In 1994, Charles Stross — yes, the science fiction novelist — was running a web crawler that kept hammering Martijn Koster's server. Koster responded with a plain text file placed at the root of his site, listing which pages automated visitors should avoid.
That file became robots.txt. It was never a standard, never enforced by any protocol. A federal judge in December 2025 compared it to a "keep off the grass" sign. And for thirty years, people mostly stayed off the grass. The deal was too good to walk away from.

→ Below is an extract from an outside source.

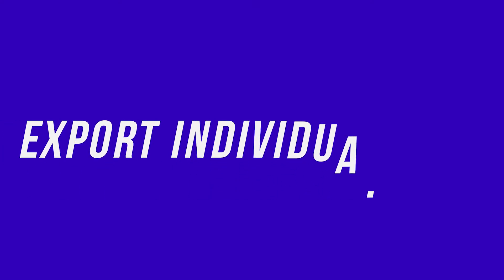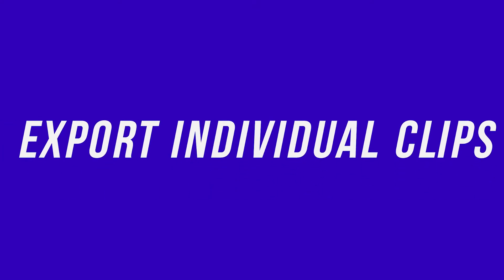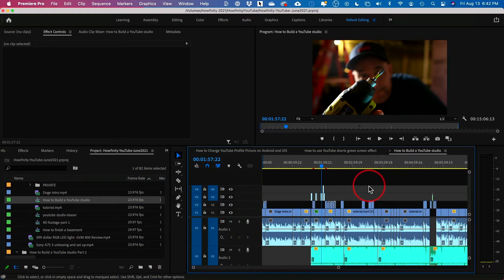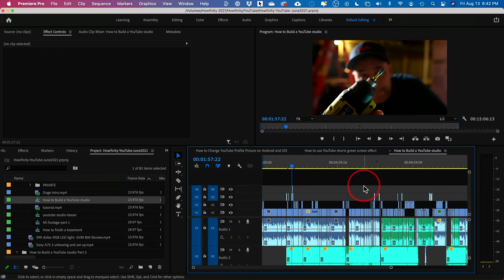So instead of putting in and out points, let me show you this much faster option. I have my project open here and there's a ton of different clips.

Search engines crawled your site, indexed your pages, and sent visitors back. Cloudflare's analysis puts the ratio for traditional search at roughly 14 crawls per referral returned. Imperfect, but real. Publishers built businesses on that traffic. Search engines built businesses on that content. The text file held because ignoring it meant losing access to the exchange. Compliance and reward were coupled.

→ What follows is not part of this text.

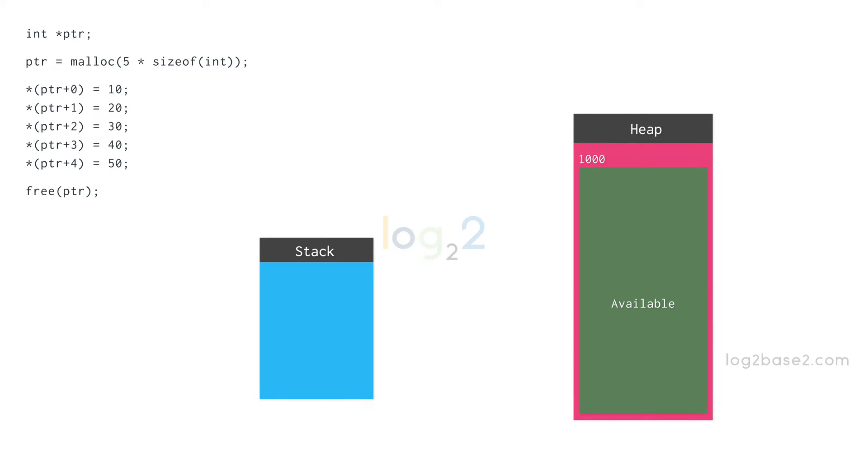If this piece of code looks new to you, please refer to malloc video in this series to understand how malloc works.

That coupling is what made enforcement work. When Chrome started flagging HTTP pages as "Not Secure" in 2017, HTTPS adoption went from 18.5% of websites to 87% in under a decade. Let's Encrypt removed the cost barrier with free certificates. The browser was the chokepoint, and the browser's incentives aligned with the outcome. Nobody lost. Users got security. Site operators got trust signals. The actor with the power to enforce wanted the same thing the norm wanted.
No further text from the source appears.